PLATFORM_MIN_SCORE at lines 39-46 sets Reddit=10, Twitter/X=5, LinkedIn=3, Moltbook=3, GitHub=3. LinkedIn reactions are rarer than Reddit upvotes, so holding LinkedIn to the Reddit bar would mean almost no LinkedIn post ever qualifies as a 'top performer' and the feedback loop starves. Tuning the floor per platform is what lets a LinkedIn comment that pulled 3 reactions and 1 reply still count as a teachable top performer while a Reddit comment at the same raw number gets correctly filtered as noise.

How is this actually different from RecurPost or a RecurPost alternative?

RecurPost and every tool on its listicles schedules content you wrote. The unit is the post in the library, and the product's job is to rotate it onto the calendar. S4L's unit is the reply to somebody else's thread. Before writing each new reply it runs SCORE_SQL over the last month of posts in a Neon Postgres table and feeds the top performers plus the annotated failures to Claude as system context. A scheduler does not need to read its own engagement data because its job is not to decide what to say next; S4L's job is exactly that.

What does the FAILURE REASON annotator actually tag?

annotate_failure() at lines 96-124 applies seven rules to every bottom-quartile post: mentions of product names in PRODUCT_NAMES (fazm, assrt, pieline, cyrano, terminator, mk0r, s4l, vipassana.cool), presence of http:// or https:// or www., phone-call pitch phrases like 'missed call' or 'answering service', macOS-app adjacency phrases like 'accessibility api' or 'mcp server', having three or more question marks, any comment tagged 'curious' with a question mark (the curious_probe style has a negative Reddit average), and raw length under 100 characters. If none match, the reason is stamped as 'likely wrong subreddit or off-topic'. The LLM then reads these labels and the corresponding text as a do-not-copy set.

Why is the function block marked 'DO NOT REMOVE OR SIMPLIFY'?

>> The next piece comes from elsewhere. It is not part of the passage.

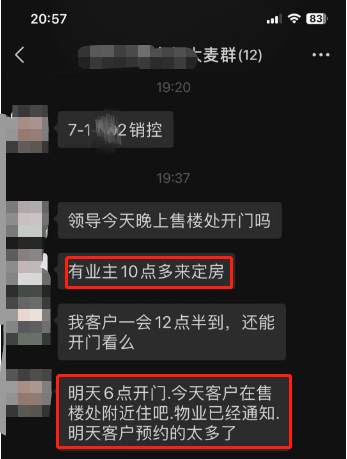 套房外地房算北京有房吗_外地有房北京算二套房吗_套房外地房算北京有房产吗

Lines 54-59 carry a six-line comment block warning agents not to touch the SCORE_SQL logic or the annotate_failure rules, with the note 'reverted by other agents twice already. Protected by pre-commit hook. See CLAUDE.md.' Multiple agents, including earlier Claude sessions, have tried to simplify the composite score back to raw upvotes or rewrite annotate_failure to be less opinionated. The pre-commit hook now blocks the diff when those specific lines change. The warning comment is the in-band explanation for the hook.

Does the feedback loop actually reach the draft, or does it just sit in a log?

It reaches the draft. Each per-platform shell wrapper (skill/run-reddit-search.sh, skill/run-twitter-cycle.sh, skill/run-linkedin.sh) calls top_performers.py and interpolates the result into the prompt that launches a child `claude -p --strict-mcp-config --mcp-config <platform>-agent-mcp.json` process. The child sees the feedback report, the style tier report, and the llms.txt of the target product in its initial context. The Playwright MCP browser does not even start until after that prompt is assembled.

Can I use this with a tool from a RecurPost alternatives list like Buffer, Later, or Sprout Social?

Only as two separate layers. Those tools still solve scheduling: queue an evergreen post, recycle it on a cadence. S4L lives one layer above: for conversational replies, where 'what to say' is the hard part, not 'when to post'. The Postgres posts table and the feedback report do not need Buffer or RecurPost to run; they just need a script that posts and a script that scans engagement 12 hours later and writes it back. The two categories do not compete so much as occupy different rungs of the automation stack.